Despite a rough economy in 2008, Garmin shows positive growth

Garmin surprised this morning with a better-than-expected fourth quarter 2008 earnings call.

Despite a tough holiday shopping season, Garmin still managed to dish out 6.4 million units in the fourth quarter, a 15 percent increase from the same time in 2007.  Still, falling prices resulted in total fourth quarter revenues of $1.048 billion, a 14 percent drop from 2007.  Gross margins remained a healthy 41.1 percent, with operating margins of 22.6 percent and diluted earnings per share of $0.78.  Garmin also reduced its inventory by $274 million in the fourth quarter.

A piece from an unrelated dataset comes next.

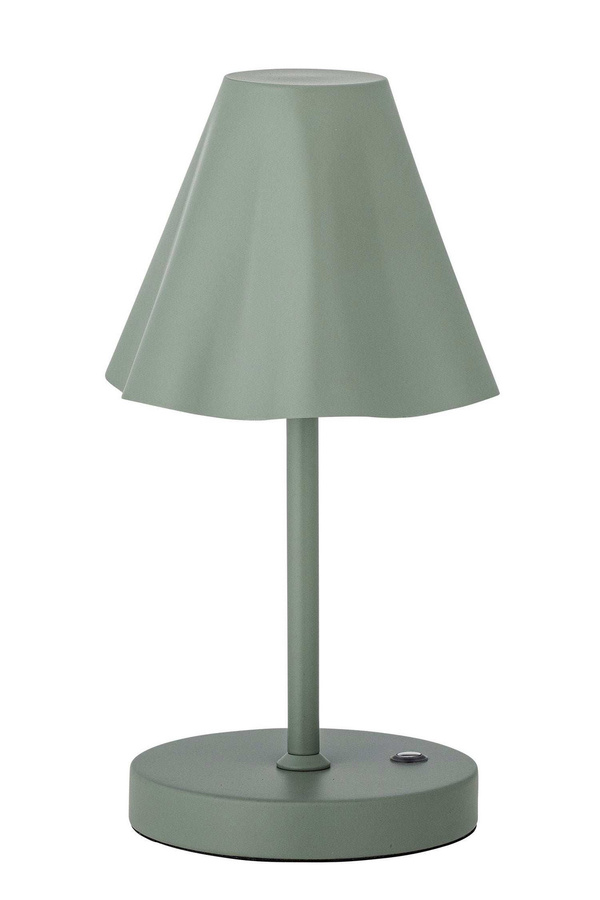 Bloomingville Kabellose Tischlampe Lianna aus Metall in Grün, Höhe: 28 cm - Bild 1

For fiscal year 2008, Garmin’s total revenue was up 10 percent from 2007 with $3.49 billion for 16.9 million units.  Falling prices were once again apparent with unit sales up 38 percent from 2007.  Furthermore, the company claimed growth in all of its major geographic sales regions and four major product lines.  The most growth was in its outdoor/fitness products while its marine segment growth as virtually flat.  Gross margins for the full year sat at 44.5 percent and operating margins were 24.7 percent, both better than expected.

Overall, Garmin finished the year with no debt, $743 million in free cash flow, and diluted earnings per share of $3.48.

The company also confirmed its Asus partnership will result in the nuviphone G60 and nuviphone M20 shipping in the first half of 2009.

Citing economic uncertainty, Garmin didn’t provide a forecast for the first quarter of fiscal 2009.